No “elige” la escultura
—¿Cómo llega Matte a elegir la escultura? ¿Era en su tiempo una elección convencional para las mujeres? ¿O en su caso fue una opción de rebeldía?
“No elige la escultura, en el sentido actual de optar entre varias alternativas; el tema de la vocación del artista romántico moderno no pasa por el sopesamiento de opciones, sino por el imperativo categórico de una voz interna que hace la vida imposible e inconcebible fuera de ese camino; si no hubiese sido tan fuerte ese llamado en Rebeca Matte, no habría persistido; hasta la Mistral se equivoca, a mi juicio, con respecto a la vocación de Rebeca Matte.

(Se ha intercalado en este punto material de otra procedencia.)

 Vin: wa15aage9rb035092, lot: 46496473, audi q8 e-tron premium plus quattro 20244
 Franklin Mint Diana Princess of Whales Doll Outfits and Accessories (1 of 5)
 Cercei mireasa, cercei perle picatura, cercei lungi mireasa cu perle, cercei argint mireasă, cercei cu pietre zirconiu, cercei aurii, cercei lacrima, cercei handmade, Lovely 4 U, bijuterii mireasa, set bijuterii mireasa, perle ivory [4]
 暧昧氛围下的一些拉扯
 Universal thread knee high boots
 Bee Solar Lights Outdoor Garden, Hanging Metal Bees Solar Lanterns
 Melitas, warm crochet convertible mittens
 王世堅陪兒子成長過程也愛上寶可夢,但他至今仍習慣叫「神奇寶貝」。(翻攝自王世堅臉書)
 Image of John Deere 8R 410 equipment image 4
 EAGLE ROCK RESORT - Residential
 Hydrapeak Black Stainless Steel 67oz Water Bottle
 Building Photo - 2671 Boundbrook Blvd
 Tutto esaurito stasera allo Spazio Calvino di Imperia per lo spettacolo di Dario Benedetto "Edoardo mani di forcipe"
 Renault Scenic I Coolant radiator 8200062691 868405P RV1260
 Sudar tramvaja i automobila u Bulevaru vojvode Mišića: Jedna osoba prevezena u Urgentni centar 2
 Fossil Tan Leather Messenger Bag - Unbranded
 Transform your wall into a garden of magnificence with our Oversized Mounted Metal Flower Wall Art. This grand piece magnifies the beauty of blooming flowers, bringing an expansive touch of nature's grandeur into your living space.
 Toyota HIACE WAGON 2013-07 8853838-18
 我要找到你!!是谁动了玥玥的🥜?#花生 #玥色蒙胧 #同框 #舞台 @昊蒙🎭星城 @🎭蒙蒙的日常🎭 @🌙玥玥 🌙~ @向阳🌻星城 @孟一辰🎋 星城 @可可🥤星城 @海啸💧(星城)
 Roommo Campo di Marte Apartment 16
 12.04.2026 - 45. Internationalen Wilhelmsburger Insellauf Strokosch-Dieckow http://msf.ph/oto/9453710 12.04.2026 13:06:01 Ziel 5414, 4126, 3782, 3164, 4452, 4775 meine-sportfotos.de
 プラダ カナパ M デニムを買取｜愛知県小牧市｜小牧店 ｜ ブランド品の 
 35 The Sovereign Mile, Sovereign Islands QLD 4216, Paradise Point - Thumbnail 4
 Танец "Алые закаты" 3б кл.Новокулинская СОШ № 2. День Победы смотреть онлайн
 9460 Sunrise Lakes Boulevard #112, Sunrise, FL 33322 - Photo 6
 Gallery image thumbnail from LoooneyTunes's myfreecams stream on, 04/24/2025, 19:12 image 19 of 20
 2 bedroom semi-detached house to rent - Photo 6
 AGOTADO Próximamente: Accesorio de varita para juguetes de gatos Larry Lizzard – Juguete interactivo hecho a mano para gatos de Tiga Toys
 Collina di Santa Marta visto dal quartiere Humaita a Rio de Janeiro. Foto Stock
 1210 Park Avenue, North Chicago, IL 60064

Es la escultura la que se va apoderando de ella, y no viceversa, y la intervención de Augusto Matte, el patriarca, un Abraham laico y decimonónico, la consolida al “ofrecerla” en el “altar” del arte. Después, sólo después, ella toma conciencia de que tal “elección” le permite volcar no sólo espiritual, sino aun físicamente, la rebeldía que lleva acumulada desde su infancia y da curso a ella con figuras a veces sobrecogedoras, como la de ‘La guerra’, del Monumento en la Haya, en la línea del más crudo expresionismo alemán”.
“Para las mujeres de su época, ser escultora planteaba muchísimas más dificultades que ser pintora. Además de que se necesitaba energía y resistencia para batallar con los materiales, las instalaciones para la escultura no eran menores, y lo mismo el traspaso de las maquetas a los materiales definitivos exigía la colaboración de operarios y equipos especializados y costosos. Pocas mujeres elegían entonces esta carrera; en Sudamérica en esa época son dos las que perduran: Rebeca Matte y la argentina Lola Mora”.
Las manos de Rebeca
—¿Le resta mérito a su obra el que no haya esculpido y sólo haya modelado?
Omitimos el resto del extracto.